Here is a picture of our room and our view:
On our first day in the city, we were given a nearly three hour tour with a local guide. Odysseys Unlimited local guides are excellent. Incredibly knowledgeable, excellent English skills and well versed in managing 24 people! During the tour, we, of course, had to stop for the never ending small cups of coffee!
After the tour, we had the afternoon to ourselves, and we walked about many of the lovely streets. The afternoon that we had arrived, we had found a lovely park and we had hoped to get back to it, but this is one of the few days that the rain did eventually catch up to us and so we didn’t get back there.
We did manage to find some beautiful locally made jewelry gifts for self and friends. We always try to find something made in the country to return with. It is silver filigree type work with a black stone called jet.

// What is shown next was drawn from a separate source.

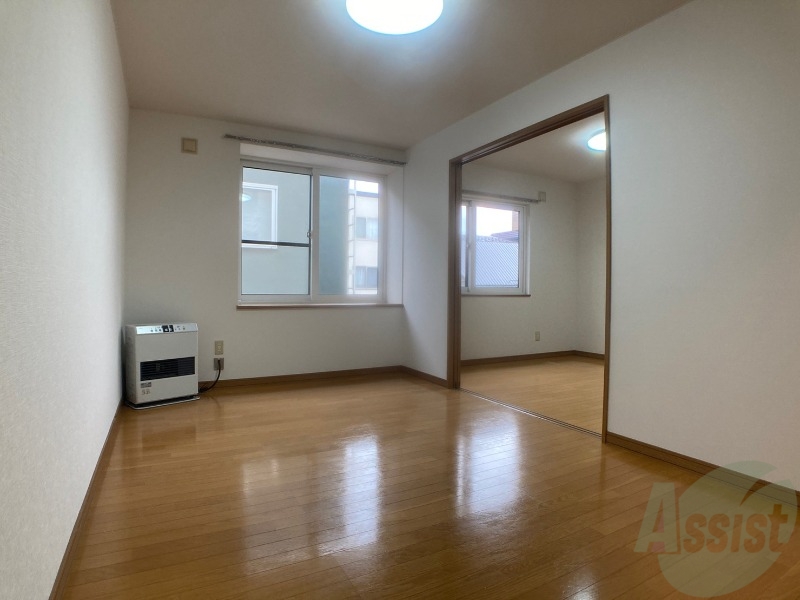 居室・リビング　木目のフローリングは落ち着きのある印象のお部屋になりますね。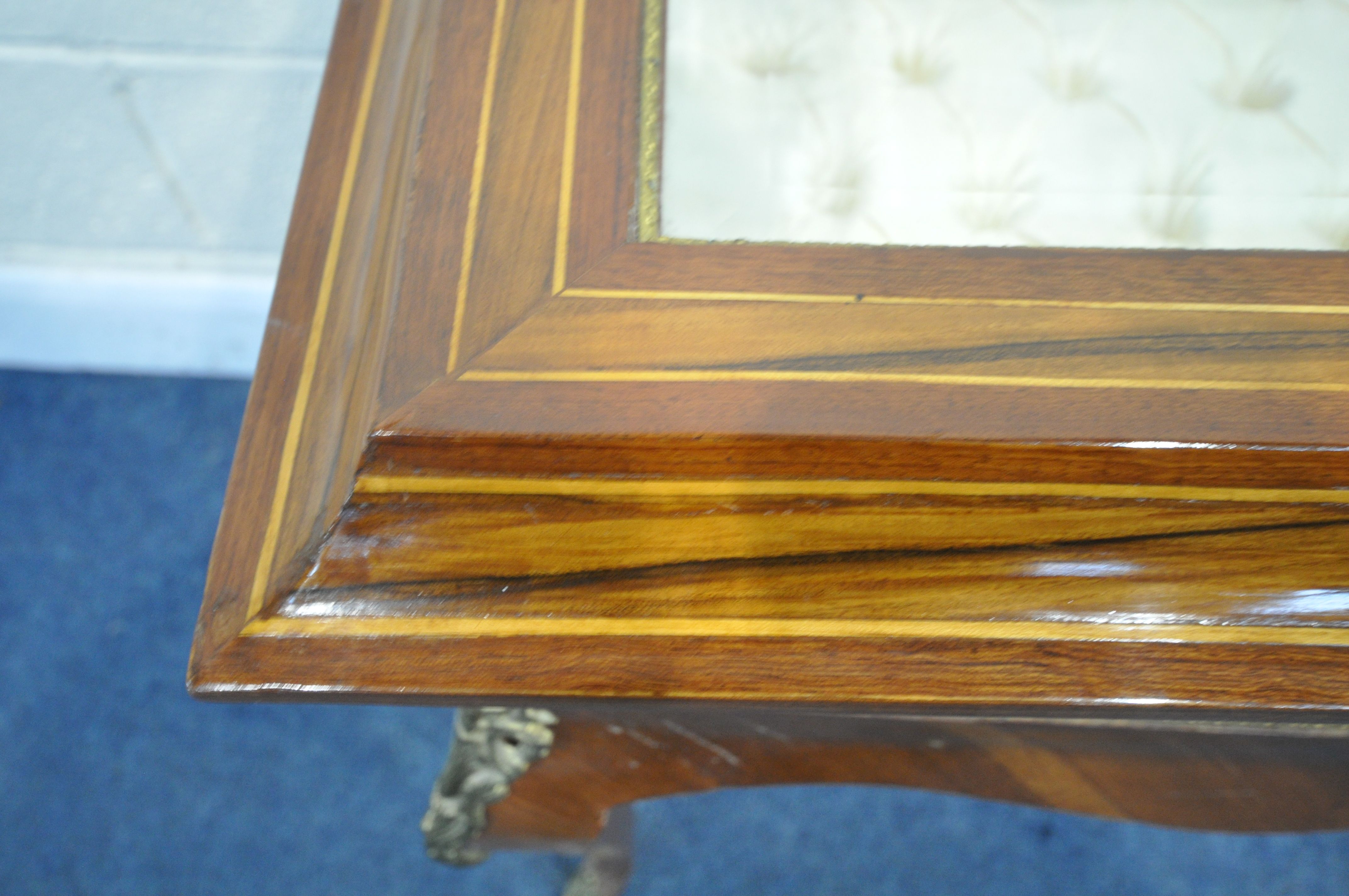 A FRENCH LOUIS XVI STYLE KINGWOOD BIJOUTERIE TABLE, with rosewood inlay and gilt metal mounts - Image 3 of 5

During our shopping for souvenirs, we stopped to try the local specialty soup called caldo gallego (a kale and sausage soup) and a plate of anchovies. Marvelous! On our walk we had spotted a shop serving churros and chocolate, so we had to go there for our dessert! We were stuffed, but as it turned out it was the only really authentic looking churros I spotted the for the whole trip – so it was worth it!
The rain had now begun in earnest and even with good rain gear, it wasn’t going to be pleasant to walk any further. So we returned to our room for a much needed nap and to read. We had time before dinner – at 8 – to tour the Parador and read the museum cards more closely and have a cup of tea in the cafe. The parador has four patios, with posted signs about the history of the parador as well as a really wonderful photographic exhibit on the walls of one of the patios.
Dinner was at 8 – lots of small plates – too much food of course – but we somehow managed to eat it! Good thing we were doing so much walking! We were up until almost midnight repacking. We don’t usually move hotels so often when we travel, so I found it took me quite a few days to get the hang of what to unpack, and how to organize the dirty, rewear and clean clothing selections.
I went to bed sad that I wouldn’t get more time to visit this beautiful city.